Sales and other revenue increased 1.2 percent to $13.8 billion for the fourth quarter of 2012, due to higher gift and prepaid card sales and a 0.8 percent increase in identical-store sales, excluding fuel, partly offset by the disposition of the Genuardi's stores. Safeway's fiscal year 2011 ended on Dec. 31, 2011, and therefore captured New Year's holiday sales. Safeway's fiscal year 2012 ended on Dec. 29, 2012, and therefore did not.
In January 2012, Safeway announced the planned sale or closure of its Genuardi's stores located in the eastern United States. In the fourth quarter of 2012, these transactions were completed with a pre-tax loss of $15.8 million ($9.6 million, after tax). For the year, the sale and closure of Genuardi's stores generated cash proceeds of $107 million and a pre-tax gain of $52.4 million ($31.9 million after tax).

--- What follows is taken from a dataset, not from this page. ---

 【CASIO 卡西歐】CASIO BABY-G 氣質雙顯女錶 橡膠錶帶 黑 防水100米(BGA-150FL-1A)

Sales for the year increased 1.3 percent to $44.2 billion in 2012 from $43.6 billion in 2011. This increase was primarily due to increased fuel sales, higher gift and prepaid card sales and an identical-store sales increase (excluding fuel) of 0.5 percent, partially offset by the disposition of the Genuardi's stores.
Net income for fiscal 2012 increased to $596.5 million ($2.40 per share) from 2011’s $516.7 million ($1.49 per share). Income from continuing operations increased to $566.2 million ($2.27 per share) in 2012 from $518.2 million ($1.49 per share) in 2011. Net income in 2012 benefited from the $46.5 million gain ($28.4 million after tax, or 12 cents per diluted share) from legal settlements while net income in 2011 was reduced by the $98.9 million tax charge 29 cents per share from the Canadian dividend paid in the first half of 2011.
Safeway invested $240.4 million in capital expenditures in the fourth quarter of 2012, opening three new Lifestyle stores, completing two Lifestyle remodels and closing six stores. For the year, Safeway invested $927.6 million in capital expenditures, opened nine new Lifestyle stores, completed four Lifestyle remodels and closed 46 stores, including 25 Genuardi's stores sold or closed during the year.
Pleasanton, Calif.-based Safeway operates 1,641 stores in the United States and Canada.